AGRICLUTURE IN ALEXANDER - 1850

This list includes each name in order as found on the original 1850 agriculture census. The number is the dollar value of the farmland.

FROST, Simon - $400

CRAFT, Varian - $1000

LIBBY, Asa - $2000

PIKE, Sewell - $800

LIBBY, Richard - $500

CHANDLER, Joel - $600

HUNNEWELL, Jonathan - $350

ROBB, Hugh - $250

LOVERING, Joseph - $1000

SCOTT, Ephraim - $250

BROWN, Ebenezer - $500

ABBOTT, Abiel - $500

KNIGHT, James - $500

TOWNSEND, Nathaniel - $800

AVERILL, Adam - $150

SPEARIN, Jeremiah - $1000

BROWN, Michael - $650

DAVIS, Edward - $600

TOWNSEND, Almeda - $8000

BERRY, Hiram - $800

SPRING, William - $800

HARMON, Peter - $600

CRAFT, Isaac - $2500

PERKINS, John - $1500

SPEARIN, John - $400

CROWLEY, John - $500

BOHANON, John - $500

WHITNEY, Henry - $400

HUTCHINS, Giles - $250

BOHANON, William - $300

ATHUN, Timothy - $250 or HUN

GRIFFIN, Hugh - $450

BROWN, Samuel - 4700

SIMONS, Samuel - $300

BILLINGS, Stephen - $800

BABCOCK, Stephen - $850

GOOCH, Joel - $600

HACKETT, Moses 850

PHILLIPS, John - $1000

GOOCH, John - $600

STEVENSON, Luke - $400

MORSE, Paul - $800

DAMON, John K. - $1000

GARNET, James - $800

STEPHENSON, Jesse - $2000

BURNS, Francis - $250

FENLASON, Reuben - $400

TYLER, Daniel - $800 son of George

STEPHENSON, Jesse, Jr. - $250

MOORE, John - $250

COTTLE, Samuel - $800

COTTLE, Samuel, Jr. - $1000

BAILEY, David - $250

LYDICK, Godfrey - $350

GODFREY, Joseph - $350

HUFF, Claudius M. - $850

CROCKETT, William - $600

FENLASON, Henry - $400

KNIGHT Alfred - $300

DUNN, Levi - $500

SCRIBNER, Phebe - $600

COLE, William - $500

BROWN, Ephraim - $350

MESERVE, Nathaniel - $700

BOHANON, Ananiah - $600

STROUT, Solomon - $700

STROUT, Benjamin - $500

FROST, Stephen - $550

BAILEY, Abraham - $350

PERKINS, James - $850

BAILEY, Isaiah - $400

PERKINS, John J. - $500

PERKINS, Joseph - $400

THISTLEWOOD, Robert - $700

CRACKEN, Andrew - $400

LYONS, Greenwood - $300

To provide contrast, we have selected to study the five most wealthy and the nine least wealthy farmers based on value of their land.

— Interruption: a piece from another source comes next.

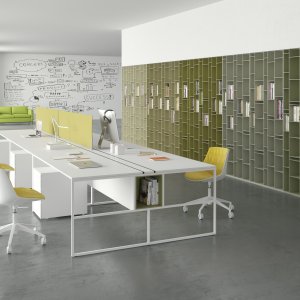 20.Venti workstation desks by MDF Italia with 20 by 20 mm steel frame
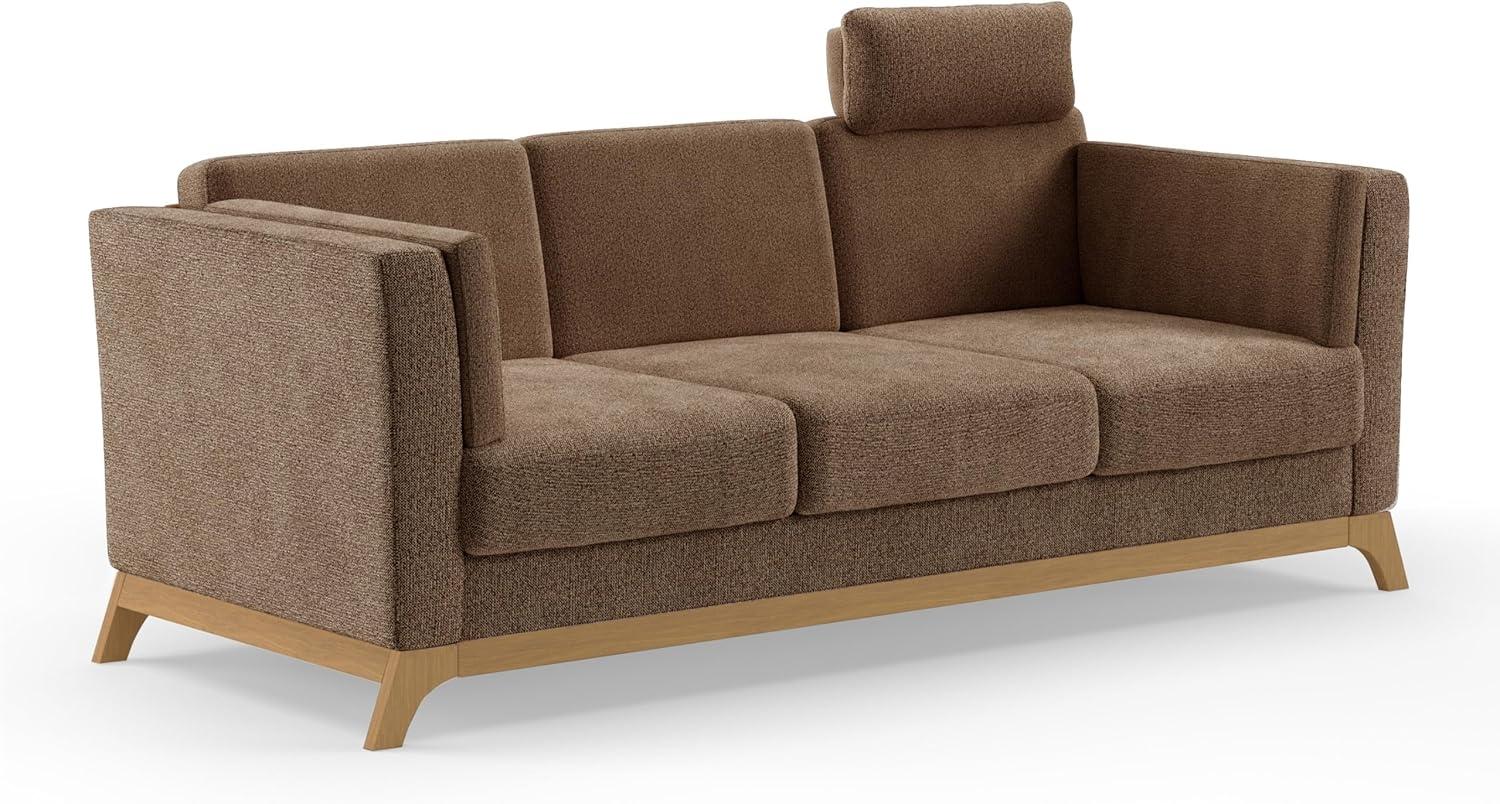 Cavadore 3er-Sofa Vida / 3-Sitzer Couch im trendigen Design mit massivem Holzrahmen in Eiche, Kopfstütze mit Kuschelkissen / 213 x 84 x 93 / Chenille, Rotbraun Bild 1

Their names are underscored above. What things allowed some farmers to prosper and others to just get by? We will look at age, tenure in Alexander, and number of helpers available (sons and extended family). Was the land itself a factor of success? Some farm locations are noted and can be found on the map.

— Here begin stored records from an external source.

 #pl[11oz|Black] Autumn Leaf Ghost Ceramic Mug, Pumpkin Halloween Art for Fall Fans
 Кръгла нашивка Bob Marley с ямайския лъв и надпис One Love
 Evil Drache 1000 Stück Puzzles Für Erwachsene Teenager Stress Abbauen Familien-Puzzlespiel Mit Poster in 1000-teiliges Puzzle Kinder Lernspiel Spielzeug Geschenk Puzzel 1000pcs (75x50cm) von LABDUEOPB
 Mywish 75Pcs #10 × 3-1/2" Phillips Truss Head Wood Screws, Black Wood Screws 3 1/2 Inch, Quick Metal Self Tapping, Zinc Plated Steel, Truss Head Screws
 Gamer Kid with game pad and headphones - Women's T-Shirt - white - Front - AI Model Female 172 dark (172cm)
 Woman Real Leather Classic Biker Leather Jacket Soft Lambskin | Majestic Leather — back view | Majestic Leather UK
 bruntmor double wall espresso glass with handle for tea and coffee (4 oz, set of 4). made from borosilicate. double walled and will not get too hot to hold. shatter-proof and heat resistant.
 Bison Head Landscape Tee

ASA LIBBY was 56 in 1850. Although born in Scarborough, Maine, he arrived in Alexander from St. David Parish NB likely in 1832 when he acquired lots 61 and 81. Lot 61 had been a Lottery Lot and it was here that he settled. He had married Sarah (Caldwell) Gray and brought her two daughters and son John into his household. Asa and Sarah had the following children: Asa (1820), Richard (1821), twins Oliver and Ann (1823), Alice (1827), Abner (1830), and twins Amanda and Amelia (1834). Asa had help from 4 sons and a stepson. The 1850 census shows Oliver and Abner still at home along with Alice and Amanda. Sarah’s daughter Cordelia Berry and three of her children were also living in the home. Her husband, Samuel, was a master mason, must have been working out of town when the census taker visited. At the Alexander Cemetery we find marked graves for Asa, Sarah and other family members.

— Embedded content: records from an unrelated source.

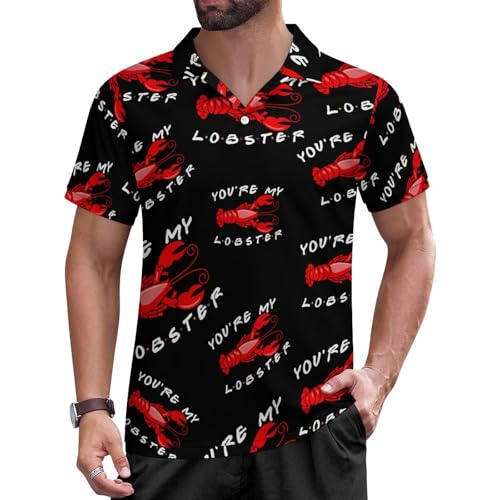 Image of You are My Lobster Men's Polo Shirts Short Sleeve Slim Fit Collared Golf Shirt Casual Tops T Shirts
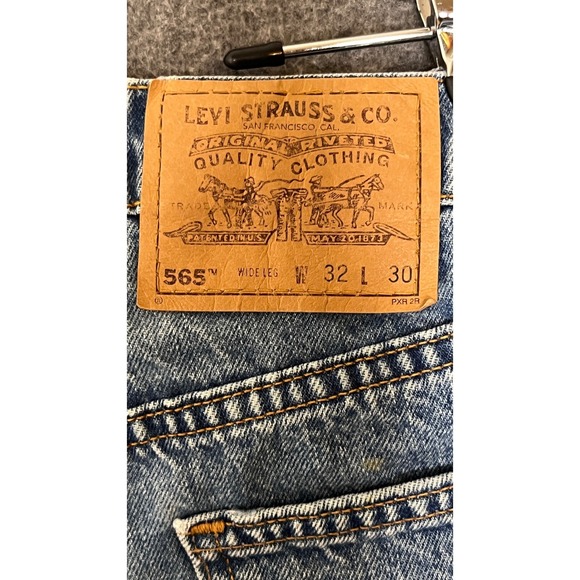 Vintage Levis 565 Orange Tab Mens 32x29 USA Loose Wide Leg Jeans Tag 32x30 - Picture 10 of 15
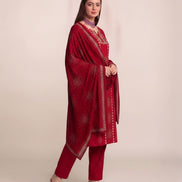 Red Mandala Print Kurta Set with Dupatta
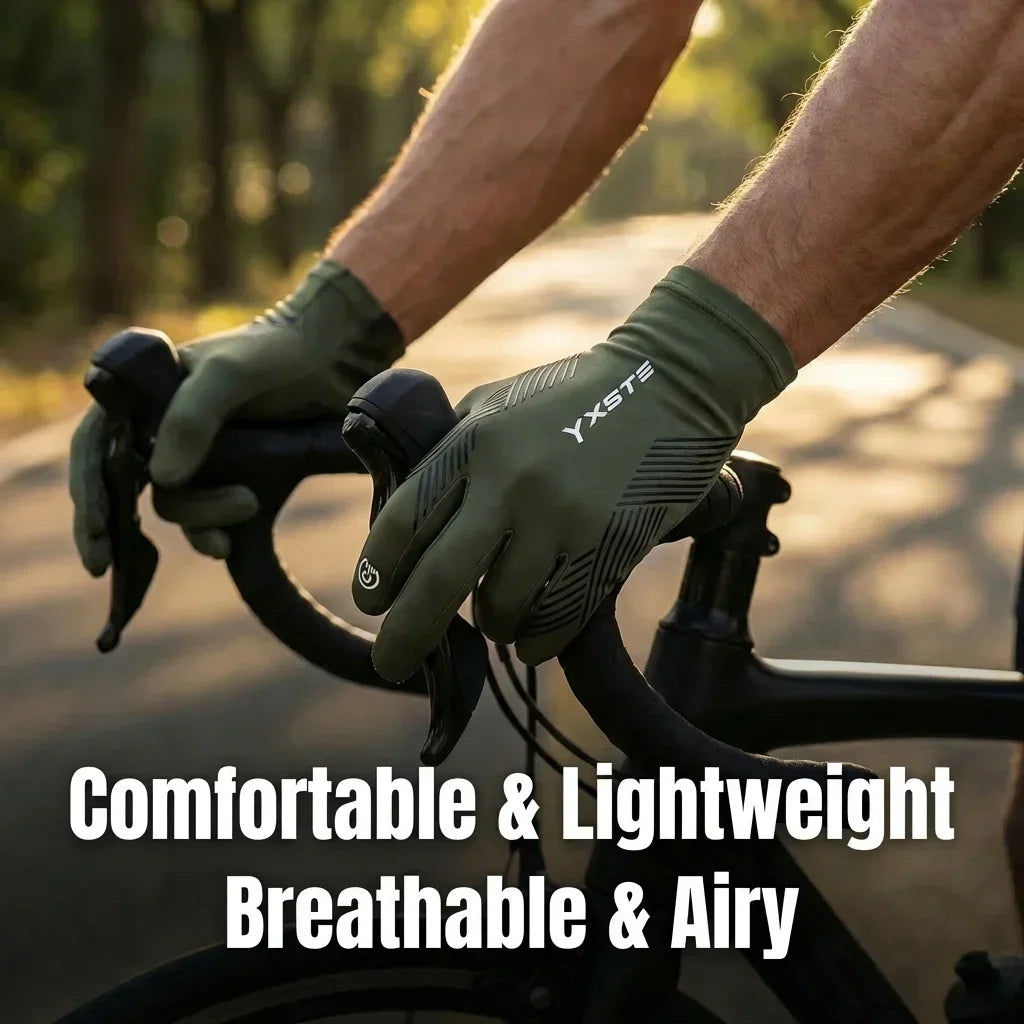 Men Outdoor UV Sun Protection Full Finger Gloves Touchscreen Anti Slip Breathable Cycling Driving Fishing Hiking Sports Gloves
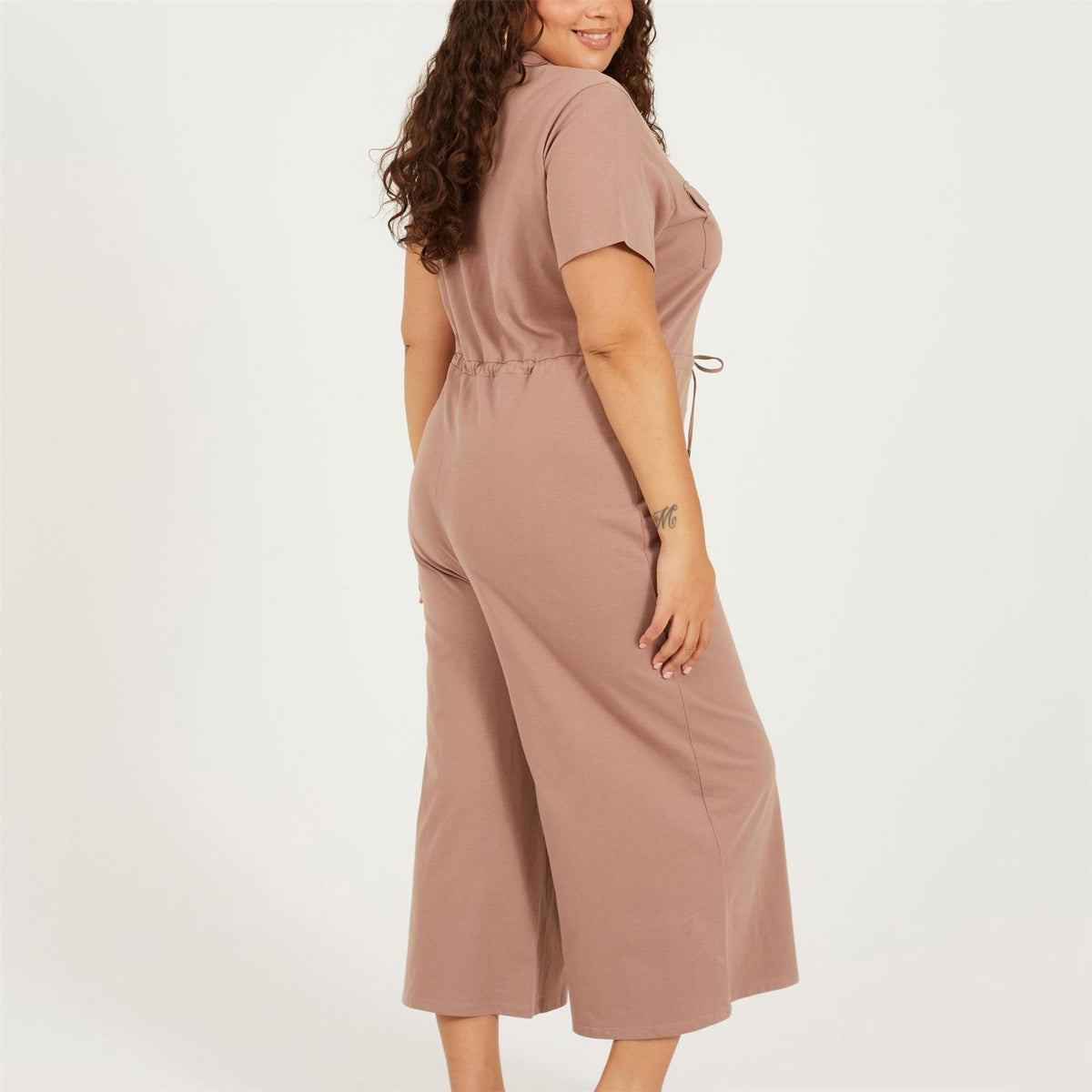 Brave Soul Crew Neck Short Sleeve Solid Patterned Culotte Jumpsuit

Asa’s farm had a cash value of $2000 and the implements added another $50. He owned 130 acres of improved land and 130 acres of unimproved land. For 1850, improved land would include cropland, hay fields and pasture land. Unimproved would be woods, swamps etc. Asa owned 3 horses, 4 milch (milking) cows, 3 pair of working oxen, 3 other cattle, 22 sheep that yielded 40 pounds of wool, 1 swine all valued at $595. His livestock required 18 tons of (English) hay. His gardens produced 90 bushels Irish potatoes and 15 bushels barley. His milch cows gave 250 pounds of butter.

ALMEDA TOWNSEND was 38 and the recent widow of Manly. Manly came from Calais to Alexander about 1842, acquired parts of lots 68 and 69, and built his big house. He was a gentleman farmer. Almeda stayed on in the big house on Townsend Hill for many years and operated the farm. Almeda had to care for a large family: Abner, George, Mary, Manly, Thomas, and Phebe. In 1850 they ranged in age from 17 down to 3. The census record shows others in the household: Robert Ellis age 48, Catherine O’Brien age 18, Jeremiah Spearin age 22, and A. K. P. Townsend age 27, a teacher. Obviously Almeda depended on hired help to run the farm. At Alexander Cemetery we find marked graves for Manly, Almeda and their extended family.

Almeda Townsend’s farm was purchased with cash; her husband had been a gentleman farmer. Her farm is included here because it is part of our history. The cash value of the farm was $8000; it had 150 acres improved land and 250 acres of unimproved. The farm implements were worth $125. She had 1 horse, 8 milch cows, 3 pair working oxen, 6 other cattle, 28 sheep that produced 84 pounds of wool, 3 swine, all valued at $500. The cropland yielded 12 bushels of peas and/or beans and 200 bushels of Irish potatoes. The milk churned 300 pounds butter and gave 600 pounds of cheese. The livestock needed 25 tons of hay. Products of animals slaughtered in the past 12 months were valued at $100.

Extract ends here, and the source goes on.